Referring to FIGS. 13 to 16, a connector according to a third
preferred embodiment of the present invention will be described. A
connector 1" and a counterpart connector 100" shown in FIGS. 13 to
16 can employ structures similar to those of the connector 1 and
the counterpart connector 100 shown in FIGS. 1 to 7, respectively.
In FIGS. 13 to 16, those portions of the connector 1" and the
counterpart connector 100" having substantially the same functions
(shapes differ somewhat) as those of the connector 1 and the
counterpart connector 100 shown in FIGS. 1 to 7 are assigned the
same reference symbols to thereby omit description thereof.
In the connector 1", contacts 10 and a ground plate 20 are mounted
into an insulator 40 in a direction opposite to an insert direction
of the counterpart connector 100", then a shell 60 is mounted onto
the insulator 40 in the same direction as the insert direction of
the counterpart connector 100". These mounting directions are the
same as those in the connector 1 shown in FIGS. 1 to 7.

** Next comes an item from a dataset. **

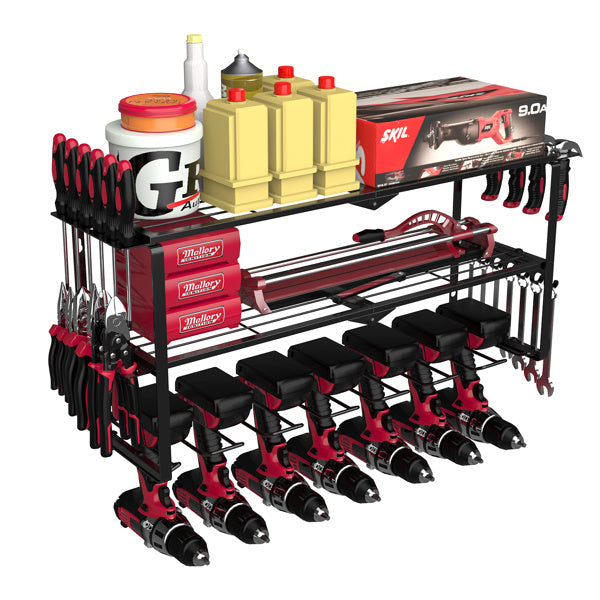 Power Tool Organizer Wall Mount, 7 Drill Holder Cordless Power Tool Wall Organizer, 3 Layers Power Tool Holder and Power Tool Storage Rack with Screwd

Upon the mounting, insert portions 34 of the ground plate 20 formed
at both ends thereof, serving as first connection pieces, are
inserted into shell holes 51 of the insulator 40 from the back side
in the second direction A2, while folded portions 63 of the shell
60, serving as second connection pieces, are inserted into the
shell holes 51 from the front side in the second direction A2.
Each insert portion 34 of the ground plate 20 is formed with a
dowel 35. The dowels 35 contact with the folded portions 63,
respectively, so that the ground plate 20 and the shell 60 are
electrically connected to each other. It is preferable that at
least one of the insert portion 34 and the folded portion 63 is
given springiness so as to press the dowel 35 against the folded
portion 63 using this springiness. However, it is possible to
ensure a predetermined contact by the use of the dowel 35 without
providing the springiness. The dowel may be provided on at least
one of the insert portion 34 and the folded portion 63.
Referring to FIGS. 17 to 24, a connector according to a fourth
preferred embodiment of the present invention will be described. In
FIGS. 17 to 24, portions like those in FIGS. 1 to 7 may be assigned
the same reference symbols to thereby omit description thereof.
Soldering terminals 14 of signal contacts 10, a pair of soldering
terminals 26 of a ground plate 20, and a pair of soldering
terminals 76 of a shell 60, of a connector 1, are soldered to a
board (not shown) such as an LCD panel. After connection to
electrical wires 160, contacts 110 are fixed to an insulator 120.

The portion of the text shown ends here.